I think my earliest memory of canning involves the time my mother's pressure canner blew up. At the time we were living in Terra Ceia North Carolina. If I remember correctly, my mother had just walked through the kitchen to check on the canner and then came outside to check on us kids. That is when the canner blew up. There was glass and green beans all over the kitchen and the lid had created a hole in the ceiling. That was the last time my mother ever used a pressure canner. After that everything was canned using a water bath method. I don't remember a garden in NC, so I am not certain where the beans came from.

When we moved to Allison Iowa I remember hiding at the bottom of the garden on the first day of school. It was a new school because we had just moved from NC and I didn't want to go and be the new kid at school. I remember Dad planted asparagus at the end of the garden. Dad said that it would take about three years before the asparagus started coming in well enough that we could pick it. We never got to pick much of it because we moved to western Kansas about three years after arriving in Allison Iowa. However, we did get some asparagus because I have a nice scar on my finger where I cut myself once when picking asparagus. I don't remember Dad ever planting asparagus in any of his other gardens. I think he thought he wouldn't be there long enough to reap the bounty. The funny thing is that my parents lived at least 10 year in three of the four places after Kansas.

It is in Kansas that I remember most of the Dad's gardens and Mom's canning.
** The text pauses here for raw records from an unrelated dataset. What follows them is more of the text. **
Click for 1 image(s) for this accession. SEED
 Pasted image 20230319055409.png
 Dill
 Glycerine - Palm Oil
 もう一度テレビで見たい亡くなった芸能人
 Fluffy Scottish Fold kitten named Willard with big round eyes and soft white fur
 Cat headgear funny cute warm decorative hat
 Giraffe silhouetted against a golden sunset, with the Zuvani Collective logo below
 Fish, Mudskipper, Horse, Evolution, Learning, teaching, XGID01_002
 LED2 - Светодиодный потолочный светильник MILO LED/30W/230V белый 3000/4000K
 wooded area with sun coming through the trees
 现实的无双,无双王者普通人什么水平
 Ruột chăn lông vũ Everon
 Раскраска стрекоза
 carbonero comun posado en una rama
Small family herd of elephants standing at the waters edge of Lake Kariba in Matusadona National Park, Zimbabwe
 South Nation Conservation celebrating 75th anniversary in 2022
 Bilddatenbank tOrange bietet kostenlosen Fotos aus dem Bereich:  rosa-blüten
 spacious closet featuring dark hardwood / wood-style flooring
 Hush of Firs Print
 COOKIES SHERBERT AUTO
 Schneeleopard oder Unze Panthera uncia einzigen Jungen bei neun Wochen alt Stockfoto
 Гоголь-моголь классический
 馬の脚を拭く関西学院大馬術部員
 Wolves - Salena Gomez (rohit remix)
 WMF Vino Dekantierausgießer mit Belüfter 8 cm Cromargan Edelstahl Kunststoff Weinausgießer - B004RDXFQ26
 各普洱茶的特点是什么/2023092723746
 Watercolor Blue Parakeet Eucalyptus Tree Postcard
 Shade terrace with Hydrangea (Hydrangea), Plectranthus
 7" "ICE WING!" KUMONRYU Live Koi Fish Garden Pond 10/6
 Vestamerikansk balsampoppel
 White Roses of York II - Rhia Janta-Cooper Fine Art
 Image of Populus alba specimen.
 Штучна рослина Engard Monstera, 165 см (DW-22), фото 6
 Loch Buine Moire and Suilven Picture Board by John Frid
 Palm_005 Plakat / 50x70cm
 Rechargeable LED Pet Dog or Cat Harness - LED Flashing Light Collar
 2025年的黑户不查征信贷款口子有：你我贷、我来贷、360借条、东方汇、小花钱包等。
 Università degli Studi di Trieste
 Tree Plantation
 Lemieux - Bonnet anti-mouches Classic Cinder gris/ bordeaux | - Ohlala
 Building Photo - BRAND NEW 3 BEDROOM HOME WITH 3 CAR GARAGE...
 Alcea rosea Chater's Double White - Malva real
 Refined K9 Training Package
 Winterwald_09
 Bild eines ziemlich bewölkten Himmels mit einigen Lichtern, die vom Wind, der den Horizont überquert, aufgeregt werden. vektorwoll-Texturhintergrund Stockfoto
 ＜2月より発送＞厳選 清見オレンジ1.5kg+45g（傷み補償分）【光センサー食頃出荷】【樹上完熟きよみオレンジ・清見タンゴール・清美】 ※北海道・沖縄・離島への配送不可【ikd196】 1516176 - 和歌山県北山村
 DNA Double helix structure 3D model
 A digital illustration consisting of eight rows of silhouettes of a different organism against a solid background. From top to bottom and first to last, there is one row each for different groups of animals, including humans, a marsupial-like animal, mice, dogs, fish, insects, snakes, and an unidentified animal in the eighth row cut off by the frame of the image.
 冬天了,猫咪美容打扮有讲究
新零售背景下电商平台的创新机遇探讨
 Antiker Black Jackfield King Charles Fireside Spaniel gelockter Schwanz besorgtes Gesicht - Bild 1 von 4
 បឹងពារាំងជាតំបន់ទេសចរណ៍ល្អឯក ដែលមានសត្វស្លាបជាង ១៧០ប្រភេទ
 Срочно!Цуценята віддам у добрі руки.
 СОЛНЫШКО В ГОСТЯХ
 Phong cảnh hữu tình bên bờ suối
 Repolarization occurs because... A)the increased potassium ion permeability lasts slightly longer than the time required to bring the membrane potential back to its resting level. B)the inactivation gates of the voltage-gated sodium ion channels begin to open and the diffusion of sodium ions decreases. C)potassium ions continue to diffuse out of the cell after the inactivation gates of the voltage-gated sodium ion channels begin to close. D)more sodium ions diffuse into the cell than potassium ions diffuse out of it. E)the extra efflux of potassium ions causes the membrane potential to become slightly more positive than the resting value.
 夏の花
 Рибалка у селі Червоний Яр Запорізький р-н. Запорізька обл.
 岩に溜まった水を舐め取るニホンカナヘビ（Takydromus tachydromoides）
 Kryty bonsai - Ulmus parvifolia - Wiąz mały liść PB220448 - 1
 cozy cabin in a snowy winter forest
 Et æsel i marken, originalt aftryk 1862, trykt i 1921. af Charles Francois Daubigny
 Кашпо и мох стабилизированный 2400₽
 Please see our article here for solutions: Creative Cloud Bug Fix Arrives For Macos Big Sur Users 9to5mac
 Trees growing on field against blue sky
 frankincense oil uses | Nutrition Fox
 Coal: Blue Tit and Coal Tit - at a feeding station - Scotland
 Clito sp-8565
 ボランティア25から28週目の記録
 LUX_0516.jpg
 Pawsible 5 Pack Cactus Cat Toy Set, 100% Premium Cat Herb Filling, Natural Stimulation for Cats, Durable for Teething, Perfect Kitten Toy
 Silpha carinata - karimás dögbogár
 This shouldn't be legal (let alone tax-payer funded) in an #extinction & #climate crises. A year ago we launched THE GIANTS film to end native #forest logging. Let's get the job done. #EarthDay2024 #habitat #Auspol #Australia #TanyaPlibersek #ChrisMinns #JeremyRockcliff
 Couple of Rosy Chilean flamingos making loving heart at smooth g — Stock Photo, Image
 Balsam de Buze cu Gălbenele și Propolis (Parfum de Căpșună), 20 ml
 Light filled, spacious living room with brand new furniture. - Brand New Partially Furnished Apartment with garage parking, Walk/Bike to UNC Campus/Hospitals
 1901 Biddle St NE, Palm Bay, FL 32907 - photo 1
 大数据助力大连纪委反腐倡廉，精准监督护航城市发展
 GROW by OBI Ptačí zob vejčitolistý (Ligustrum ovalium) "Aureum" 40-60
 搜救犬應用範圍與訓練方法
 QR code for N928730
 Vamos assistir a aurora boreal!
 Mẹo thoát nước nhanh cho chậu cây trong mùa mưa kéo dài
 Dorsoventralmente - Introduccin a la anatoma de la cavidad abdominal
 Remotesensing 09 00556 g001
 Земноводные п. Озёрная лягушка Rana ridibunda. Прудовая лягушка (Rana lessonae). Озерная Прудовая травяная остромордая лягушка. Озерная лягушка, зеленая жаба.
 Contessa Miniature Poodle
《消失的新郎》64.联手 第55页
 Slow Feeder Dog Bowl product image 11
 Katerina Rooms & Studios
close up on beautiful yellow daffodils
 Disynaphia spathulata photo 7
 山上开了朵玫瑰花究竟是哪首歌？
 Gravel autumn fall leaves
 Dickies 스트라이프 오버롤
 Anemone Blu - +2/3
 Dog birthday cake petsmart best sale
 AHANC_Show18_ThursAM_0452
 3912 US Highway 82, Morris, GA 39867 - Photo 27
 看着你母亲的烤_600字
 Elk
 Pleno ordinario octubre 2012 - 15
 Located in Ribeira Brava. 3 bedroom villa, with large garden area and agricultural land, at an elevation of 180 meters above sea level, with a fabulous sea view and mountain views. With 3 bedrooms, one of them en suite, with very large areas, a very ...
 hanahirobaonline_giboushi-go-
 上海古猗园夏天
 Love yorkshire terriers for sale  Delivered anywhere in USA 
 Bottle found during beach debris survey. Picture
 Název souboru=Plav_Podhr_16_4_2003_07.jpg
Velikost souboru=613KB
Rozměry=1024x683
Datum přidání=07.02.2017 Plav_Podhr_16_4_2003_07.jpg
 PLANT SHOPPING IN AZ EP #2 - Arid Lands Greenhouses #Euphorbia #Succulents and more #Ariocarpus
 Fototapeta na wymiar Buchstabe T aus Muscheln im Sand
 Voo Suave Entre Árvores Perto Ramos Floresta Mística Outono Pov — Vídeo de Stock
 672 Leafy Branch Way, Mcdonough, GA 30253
In Kansas Dad planted two gardens. I have six brothers and sisters and my Dad didn't have a large paycheck. So we had two large gardens. Oh the fun of those cold winter days looking at the seed catalogs. Dreaming about the flowers and vegetables we would be planting. Dad would have tables of seedlings starting under grow lights in the basement. Then he would harden the seedlings by placing them outside during the day and putting them in the garage during the cool nights. Finally he would start planting them. I seem to remember the tomatoes, onions, lettuce, and potatoes always were in the garden in the back yard. The beans, corn, squash, cucumbers, and okra always seemed to end up in the garden that was in the neighbors' field.

Once the garden started to produce us older kids would pick what seemed to be bushels and bushels of vegetables. We would sit and snap beans until we never wanted to see another bean in our entire life. Then my mother would can quarts and quarts of beans. The same would be true with the tomatoes. We would have to help peal the skin from the tomato. I seem to remember red fingers and finger nails. The picture of Mom standing in a HOT Kansas kitchen canning all those vegetables. Oh the smells that the canning filled the house with. The smell of hot bean or tomatoes canning, or the sweet smell of pickles.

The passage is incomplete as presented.